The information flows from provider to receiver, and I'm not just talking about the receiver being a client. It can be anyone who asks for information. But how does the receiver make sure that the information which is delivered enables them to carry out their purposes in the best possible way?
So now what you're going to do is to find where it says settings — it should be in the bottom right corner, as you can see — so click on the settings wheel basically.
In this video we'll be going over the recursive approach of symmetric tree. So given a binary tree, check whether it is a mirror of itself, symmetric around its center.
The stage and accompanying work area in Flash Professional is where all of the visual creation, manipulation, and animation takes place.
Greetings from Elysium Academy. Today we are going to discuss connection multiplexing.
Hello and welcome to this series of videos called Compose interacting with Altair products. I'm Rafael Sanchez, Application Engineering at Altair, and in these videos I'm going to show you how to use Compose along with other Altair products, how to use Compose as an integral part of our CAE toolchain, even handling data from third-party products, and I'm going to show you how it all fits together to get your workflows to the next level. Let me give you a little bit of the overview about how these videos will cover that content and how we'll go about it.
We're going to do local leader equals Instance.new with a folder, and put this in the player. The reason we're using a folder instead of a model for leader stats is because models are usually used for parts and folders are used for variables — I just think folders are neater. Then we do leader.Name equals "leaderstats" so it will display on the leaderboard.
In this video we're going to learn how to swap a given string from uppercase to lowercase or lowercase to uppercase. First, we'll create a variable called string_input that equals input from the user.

* * *

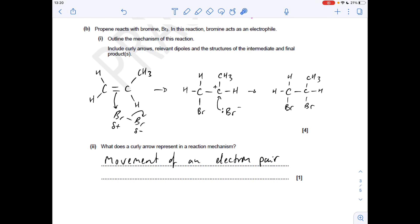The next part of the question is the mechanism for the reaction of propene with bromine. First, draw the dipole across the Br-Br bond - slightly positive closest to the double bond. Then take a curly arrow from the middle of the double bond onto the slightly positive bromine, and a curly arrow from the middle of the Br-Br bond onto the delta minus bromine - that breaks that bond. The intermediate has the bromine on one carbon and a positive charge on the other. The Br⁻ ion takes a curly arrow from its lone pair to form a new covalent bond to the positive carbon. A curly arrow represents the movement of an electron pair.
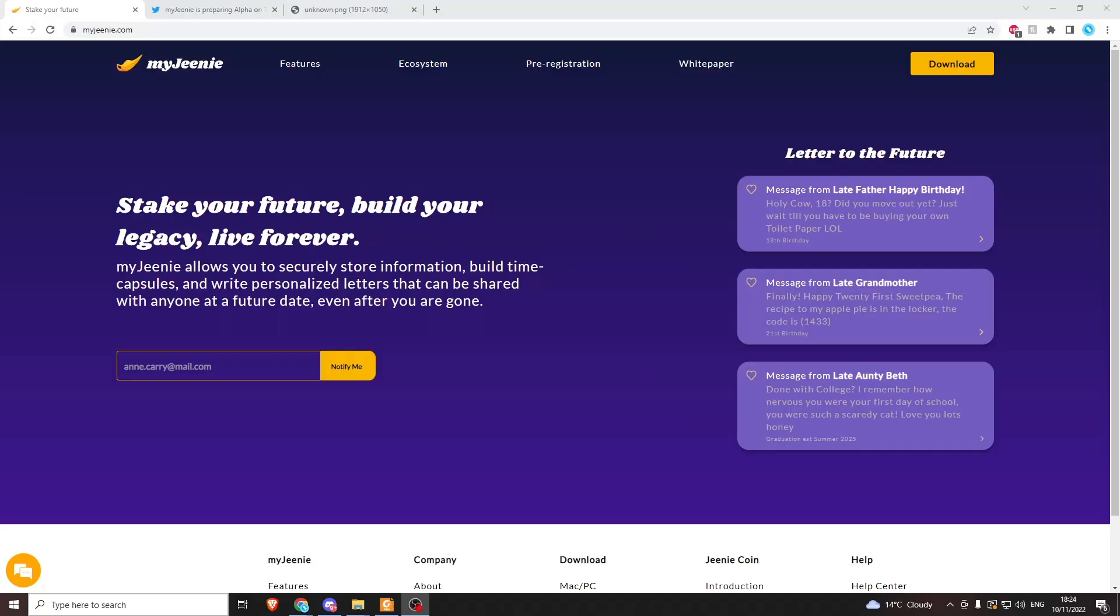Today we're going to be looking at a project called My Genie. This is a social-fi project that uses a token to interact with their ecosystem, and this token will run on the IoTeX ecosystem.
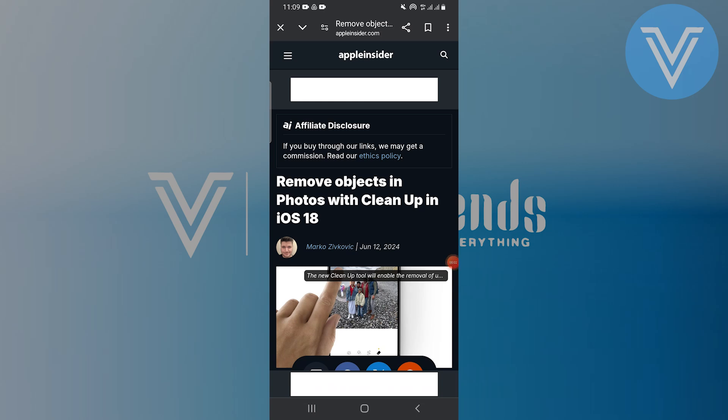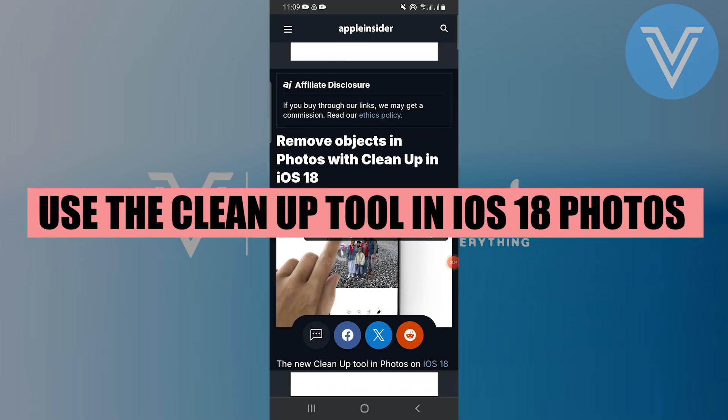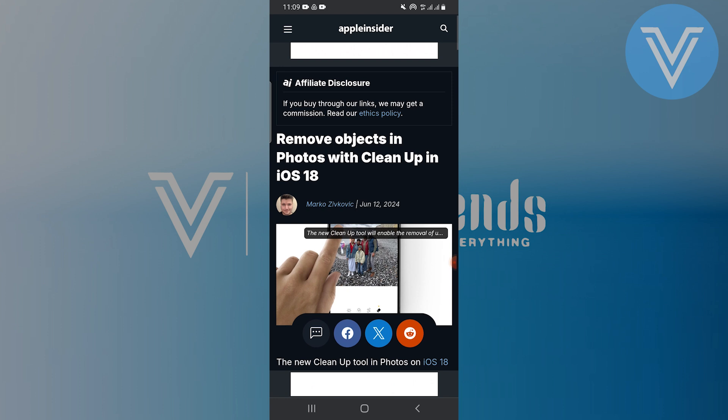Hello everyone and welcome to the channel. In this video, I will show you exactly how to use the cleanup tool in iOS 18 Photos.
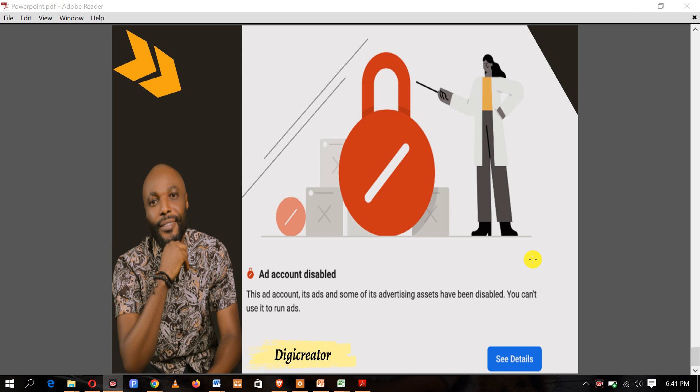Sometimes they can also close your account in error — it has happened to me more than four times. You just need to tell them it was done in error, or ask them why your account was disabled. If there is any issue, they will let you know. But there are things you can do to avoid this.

> _Instructions to follow_: Copy word for word the stretch of entries above from the line that has "In this video we'll" through the line that has "Greetings from Elysium", both ends included, and nothing outside it.

> _Answer box_:
In this video we'll be going over the recursive approach of symmetric tree. So given a binary tree, check whether it is a mirror of itself, symmetric around its center.
The stage and accompanying work area in Flash Professional is where all of the visual creation, manipulation, and animation takes place.
Greetings from Elysium Academy. Today we are going to discuss connection multiplexing.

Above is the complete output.